A subset of neuroblastomas is intrinsically resistant to chemotherapy. We define the proteomic and genomic architecture of these ultra-high-risk tumors to uncover the biological basis of treatment failure. By comparing long-term survivors with the most refractory cases, we develop predictive models that identify - at diagnosis - children who may require intensified or alternative therapeutic strategies. This work aims to shift risk stratification from clinical features alone to biology-informed treatment decisions.

Galinski B, Luxemburg M, Landesman Y, Pawel B, Johnson KJ, Master SR, Freeman KW, Loeb DM, Hebert JM, Weiser DA. XPO1 inhibition with selinexor synergizes with proteasome inhibition in neuroblastoma by targeting nuclear export of IkB. Translational Oncology. 2021 Aug;14(8):101114. PMID 33975179.

Monitoring pediatric solid tumors often relies on invasive procedures or repeated imaging. We are developing advanced molecular profiling approaches to detect tumor-derived signals in blood, enabling minimally invasive, real-time assessment of disease burden. These liquid biopsies allow dynamic monitoring of treatment response and early detection of relapse, supporting more precise and individualized therapeutic decisions.

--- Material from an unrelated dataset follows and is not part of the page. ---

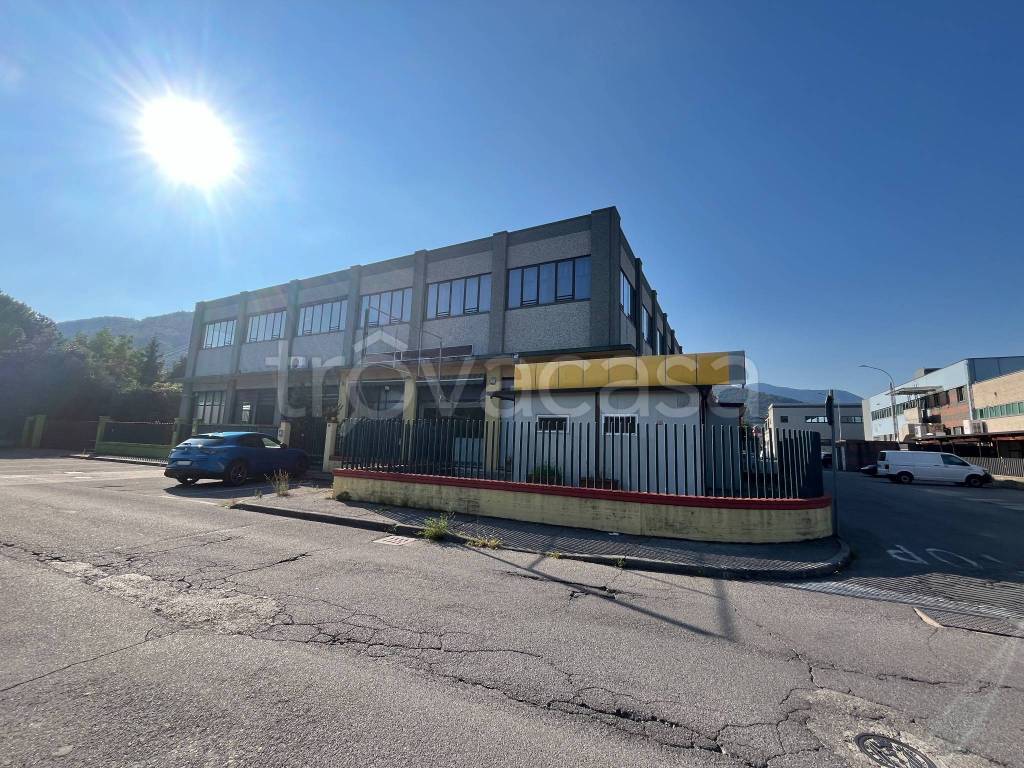 immagine annuncio 9 di 12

Neczypor EW, Reisert H, Moore K, Zeldin E, Dubin RA, Battle L, He C, Hayashi M, Weiser DA, Applebaum MA. 5-hydroxymethylcytosine profiles in circulating cell-free DNA associate with disease status in patients with osteosarcoma. npj Precision Oncology. 2026 Feb 11. PMID 41673231.

Barris DM, Weiner SB, Dubin RA, Fremed M, Zhang X, Piperdi S, Zhang W, Maqbool S, Gill J, Roth M, Hoang B, Geller D, Gorlick R, Weiser DA. Detection of circulating tumor DNA in osteosarcoma. Oncotarget. 2018 Jan 18;9(16):12695. PMID 29560102.

Dysregulation of the MYC oncogene is a defining feature of many aggressive pediatric cancers. We investigate the mechanistic role of MYC in osteosarcoma pathogenesis and identify molecular dependencies created by MYC activation. By defining these therapeutic vulnerabilities, we aim to translate MYC biology into rational, targeted treatment strategies.

Marinoff AE et al. Clinical targeted next-generation panel sequencing reveals MYC amplification is a poor prognostic factor in osteosarcoma. JCO Precision Oncology. 2023 Mar;7:e2200334. PMID 36996377.

Cisplatin remains a cornerstone of curative therapy for many childhood cancers but frequently causes permanent hearing loss. We have developed a novel otoprotective strategy that preserves inner ear function without compromising anti-tumor efficacy. Our work seeks to ensure that cure does not come at the cost of lifelong treatment-related disability.

Geohagen B, Zeldin E, Reidy K, Wang T, Gavathiotis E, Fishman YI, LoPachin R, Loeb DM, Weiser DA. Acetophenone Protection Against Cisplatin-Induced End-Organ Damage. Translational Oncology. 2023 Jan;27:101595. PMID 36477009.

Relapsed childhood cancers often sustain unlimited replicative capacity through telomere maintenance mechanisms. We study the molecular machinery that enables telomere lengthening and identify strategies to disrupt this process therapeutically. By targeting a fundamental requirement of cancer cell survival, we aim to develop new approaches for chemorefractory disease.

Approximately 15% of children with cancer harbor germline predisposition variants that increase the risk of both primary and secondary malignancies. We lead a multidisciplinary Childhood Cancer Predisposition Clinic that integrates clinical care with translational research. Our program seeks to identify novel susceptibility genes, refine risk-adapted surveillance strategies, and personalize long-term management for children and families affected by inherited cancer risk.

Burstein S, Spier E, Patel J, Jerome W, Di Biase M, Sugranes, TA, Reisert H, Loeb DM, Weiser DA. Germline genetic variant classification requires more equitable reference database representation. Pediatrics. 2025 Mar 6;155(4):e2024068229. PMID 40043744.